= Gustav Adolf Theill =

German composer and musicologist (b. 1924, d. 1997)

Gustav Adolf Theill (7 February 1924 – 29 November 1997) was a German composer and musicologist.

== Life ==
Theill was born in Remscheid as son of the factory owner Gustav Theill and his wife Auguste. In his pietist parents' house, which was very much influenced by and committed to the Confessing Church, he came into contact with Protestant church music at an early age. The Evangelical Church enabled him to train as a part-time Church musician. In the early 1960s, he held a post as church musician at a church in Cologne-Ostheim. His special love was the music of Johann Sebastian Bach. He later dealt with Bach's works in his musicological writings, and the tonal language of his compositions was based on the harmonies of Felix Mendelssohn Bartholdy and Max Reger. He attracted particular attention with the reconstruction of works by Johann Sebastian Bach that were lost or only preserved as fragments. His most important work in this respect has become the reconstruction and completion of Bach's St Mark Passion. Theill earned his living as an alternative practitioner in Cologne, where he ran a practice and from 1971 to 1980 also, the Cologne spa. Among his six children are his daughter Karola Theill, who lives as a pianist in Berlin, and his son, the musicologist Hans-Joachim Theill.
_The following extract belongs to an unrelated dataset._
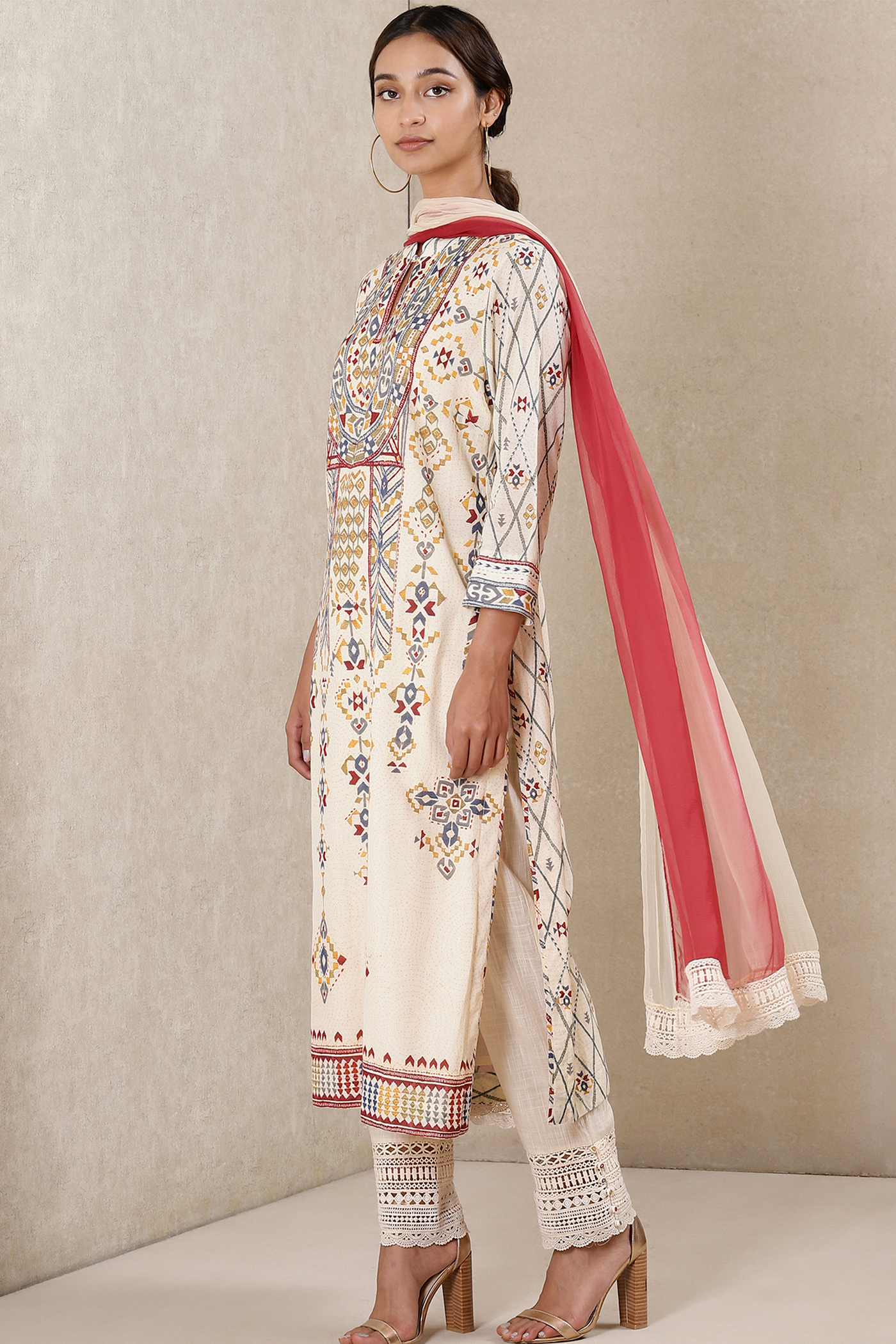 Ritu Kumar Off White Printed Kurta With Pant And Dupatta festive indian designer wear online shopping melange singapore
Theill died in Cologne at the age of 73.

== Publications ==
- Die Markuspassion von Joh. Seb. Bach (BWV 247)
- Die Symbolik der Singstimmen
- Beiträge zur Symbolsprache Johann Sebastian Bachs'.

== Recording ==
- Markuspassion (Johanneskantorei Köln-Klettenberg, Ltg. Gerda Schaarwächter)

== Compositions ==
- Die Seligpreisungen (1947)
- Mitten wir im Leben sind
- Gründonnerstags-Kyrie
- diverse Choralbearbeitungen für Orgel
- Der Maler
- Markuspassion (Rekonstruktion und Ergänzung)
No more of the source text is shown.